__WHAT TO WORK ON__:
Select the lines of the records containing the word "Series" and list them.

(Items listed in a dataset)
=== Section Start ===
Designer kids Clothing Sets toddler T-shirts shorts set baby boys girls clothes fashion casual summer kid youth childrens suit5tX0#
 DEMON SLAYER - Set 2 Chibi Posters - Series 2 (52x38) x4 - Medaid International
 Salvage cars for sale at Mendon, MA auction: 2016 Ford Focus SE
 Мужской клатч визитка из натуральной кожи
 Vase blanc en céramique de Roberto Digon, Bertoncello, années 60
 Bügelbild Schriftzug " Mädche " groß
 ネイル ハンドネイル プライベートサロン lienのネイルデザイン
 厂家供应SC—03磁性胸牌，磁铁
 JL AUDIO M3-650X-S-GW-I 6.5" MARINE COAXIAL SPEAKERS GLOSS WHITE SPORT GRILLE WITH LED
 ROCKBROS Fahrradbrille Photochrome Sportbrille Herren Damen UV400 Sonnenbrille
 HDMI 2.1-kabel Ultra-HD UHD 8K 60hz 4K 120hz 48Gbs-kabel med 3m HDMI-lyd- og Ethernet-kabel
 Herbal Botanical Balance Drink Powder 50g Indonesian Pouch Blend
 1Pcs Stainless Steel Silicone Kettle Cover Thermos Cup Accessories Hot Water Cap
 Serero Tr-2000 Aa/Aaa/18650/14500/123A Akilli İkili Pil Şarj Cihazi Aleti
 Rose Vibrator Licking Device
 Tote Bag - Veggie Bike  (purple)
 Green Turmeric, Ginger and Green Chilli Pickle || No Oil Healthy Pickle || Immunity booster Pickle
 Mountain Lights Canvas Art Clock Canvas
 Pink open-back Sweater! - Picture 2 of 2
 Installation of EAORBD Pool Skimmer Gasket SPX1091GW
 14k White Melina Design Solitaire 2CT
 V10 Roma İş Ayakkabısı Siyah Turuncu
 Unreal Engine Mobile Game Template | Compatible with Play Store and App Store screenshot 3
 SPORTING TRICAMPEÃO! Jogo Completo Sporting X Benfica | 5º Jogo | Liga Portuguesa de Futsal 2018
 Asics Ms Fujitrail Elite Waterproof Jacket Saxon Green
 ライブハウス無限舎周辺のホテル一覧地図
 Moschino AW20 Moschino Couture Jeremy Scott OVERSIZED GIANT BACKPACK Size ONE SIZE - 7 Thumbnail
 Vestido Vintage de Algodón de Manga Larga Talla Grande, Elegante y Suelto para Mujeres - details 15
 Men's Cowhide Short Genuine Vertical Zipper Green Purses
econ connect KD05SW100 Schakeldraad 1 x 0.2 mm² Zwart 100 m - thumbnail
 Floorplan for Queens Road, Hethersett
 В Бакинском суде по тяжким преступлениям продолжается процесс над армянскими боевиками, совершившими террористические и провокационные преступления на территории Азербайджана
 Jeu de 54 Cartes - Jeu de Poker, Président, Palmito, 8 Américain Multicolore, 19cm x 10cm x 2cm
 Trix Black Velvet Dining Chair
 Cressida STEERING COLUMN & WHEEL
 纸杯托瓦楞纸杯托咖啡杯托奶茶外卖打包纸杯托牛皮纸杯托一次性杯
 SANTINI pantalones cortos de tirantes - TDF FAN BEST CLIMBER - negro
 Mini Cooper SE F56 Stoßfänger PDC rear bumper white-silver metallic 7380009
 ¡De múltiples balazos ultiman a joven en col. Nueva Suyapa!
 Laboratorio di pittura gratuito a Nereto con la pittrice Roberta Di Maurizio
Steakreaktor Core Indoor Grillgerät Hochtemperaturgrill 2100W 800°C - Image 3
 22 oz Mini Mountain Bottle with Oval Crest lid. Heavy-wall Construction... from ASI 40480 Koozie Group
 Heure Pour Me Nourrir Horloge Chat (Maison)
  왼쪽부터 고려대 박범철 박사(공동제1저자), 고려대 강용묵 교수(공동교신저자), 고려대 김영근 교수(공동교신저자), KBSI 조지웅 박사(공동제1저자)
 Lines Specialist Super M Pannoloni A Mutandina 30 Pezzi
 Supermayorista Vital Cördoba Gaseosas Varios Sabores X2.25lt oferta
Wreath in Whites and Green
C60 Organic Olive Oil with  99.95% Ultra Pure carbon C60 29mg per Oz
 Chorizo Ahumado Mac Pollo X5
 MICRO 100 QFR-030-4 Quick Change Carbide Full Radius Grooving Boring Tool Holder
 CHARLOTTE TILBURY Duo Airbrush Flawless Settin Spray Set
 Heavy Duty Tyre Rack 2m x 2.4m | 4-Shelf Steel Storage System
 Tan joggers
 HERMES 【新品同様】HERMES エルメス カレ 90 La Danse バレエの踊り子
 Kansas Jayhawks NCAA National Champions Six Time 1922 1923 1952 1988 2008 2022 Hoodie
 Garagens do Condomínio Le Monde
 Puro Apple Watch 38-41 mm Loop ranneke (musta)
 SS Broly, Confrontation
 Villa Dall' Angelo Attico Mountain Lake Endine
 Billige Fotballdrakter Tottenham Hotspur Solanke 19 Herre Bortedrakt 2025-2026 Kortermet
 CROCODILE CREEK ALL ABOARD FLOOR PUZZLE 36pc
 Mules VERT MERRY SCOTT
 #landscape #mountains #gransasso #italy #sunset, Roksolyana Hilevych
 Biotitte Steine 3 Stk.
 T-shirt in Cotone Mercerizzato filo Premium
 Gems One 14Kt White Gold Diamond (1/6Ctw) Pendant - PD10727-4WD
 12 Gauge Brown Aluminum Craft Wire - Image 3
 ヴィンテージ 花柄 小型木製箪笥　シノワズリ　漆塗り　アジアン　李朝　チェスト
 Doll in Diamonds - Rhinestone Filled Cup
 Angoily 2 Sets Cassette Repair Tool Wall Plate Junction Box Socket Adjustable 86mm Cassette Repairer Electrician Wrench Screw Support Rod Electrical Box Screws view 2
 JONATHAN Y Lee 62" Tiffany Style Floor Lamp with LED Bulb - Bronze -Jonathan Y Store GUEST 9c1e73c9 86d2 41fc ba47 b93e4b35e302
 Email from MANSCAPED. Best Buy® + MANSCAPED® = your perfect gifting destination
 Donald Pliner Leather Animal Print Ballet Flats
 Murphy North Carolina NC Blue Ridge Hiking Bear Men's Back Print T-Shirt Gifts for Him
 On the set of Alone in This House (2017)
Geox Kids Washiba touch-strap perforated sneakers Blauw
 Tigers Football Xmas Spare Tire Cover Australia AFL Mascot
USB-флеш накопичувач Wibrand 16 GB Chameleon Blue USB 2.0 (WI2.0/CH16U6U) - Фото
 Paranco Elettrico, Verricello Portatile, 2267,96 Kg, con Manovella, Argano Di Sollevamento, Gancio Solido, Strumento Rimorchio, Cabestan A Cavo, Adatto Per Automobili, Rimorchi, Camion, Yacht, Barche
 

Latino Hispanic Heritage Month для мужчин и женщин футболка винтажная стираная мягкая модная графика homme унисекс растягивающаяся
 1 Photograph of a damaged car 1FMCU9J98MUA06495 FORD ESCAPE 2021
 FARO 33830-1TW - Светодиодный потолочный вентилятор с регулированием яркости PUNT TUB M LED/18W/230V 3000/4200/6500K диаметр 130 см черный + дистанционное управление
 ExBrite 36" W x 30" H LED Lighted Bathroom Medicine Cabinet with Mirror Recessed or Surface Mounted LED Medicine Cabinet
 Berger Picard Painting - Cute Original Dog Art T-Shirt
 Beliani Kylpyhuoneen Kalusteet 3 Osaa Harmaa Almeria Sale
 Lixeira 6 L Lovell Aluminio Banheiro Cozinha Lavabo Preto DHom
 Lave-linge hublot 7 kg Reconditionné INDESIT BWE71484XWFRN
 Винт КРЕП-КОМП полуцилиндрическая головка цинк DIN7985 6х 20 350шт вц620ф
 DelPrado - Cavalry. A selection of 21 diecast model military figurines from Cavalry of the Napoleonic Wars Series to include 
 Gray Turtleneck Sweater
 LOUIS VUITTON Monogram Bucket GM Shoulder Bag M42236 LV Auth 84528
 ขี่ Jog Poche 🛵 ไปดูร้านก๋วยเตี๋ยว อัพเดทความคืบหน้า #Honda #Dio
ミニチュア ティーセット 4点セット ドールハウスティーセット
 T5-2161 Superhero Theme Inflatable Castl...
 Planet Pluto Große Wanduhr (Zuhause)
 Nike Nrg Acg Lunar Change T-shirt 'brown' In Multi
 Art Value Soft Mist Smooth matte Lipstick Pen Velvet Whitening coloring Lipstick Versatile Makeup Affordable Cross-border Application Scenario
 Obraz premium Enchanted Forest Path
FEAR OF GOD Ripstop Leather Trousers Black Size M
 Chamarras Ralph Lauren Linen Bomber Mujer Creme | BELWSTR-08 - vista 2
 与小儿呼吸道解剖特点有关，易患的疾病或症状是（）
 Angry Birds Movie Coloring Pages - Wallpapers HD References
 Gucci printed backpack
=== Section End ===
__TASK SOLUTION__:
 DEMON SLAYER - Set 2 Chibi Posters - Series 2 (52x38) x4 - Medaid International
 DelPrado - Cavalry. A selection of 21 diecast model military figurines from Cavalry of the Napoleonic Wars Series to include 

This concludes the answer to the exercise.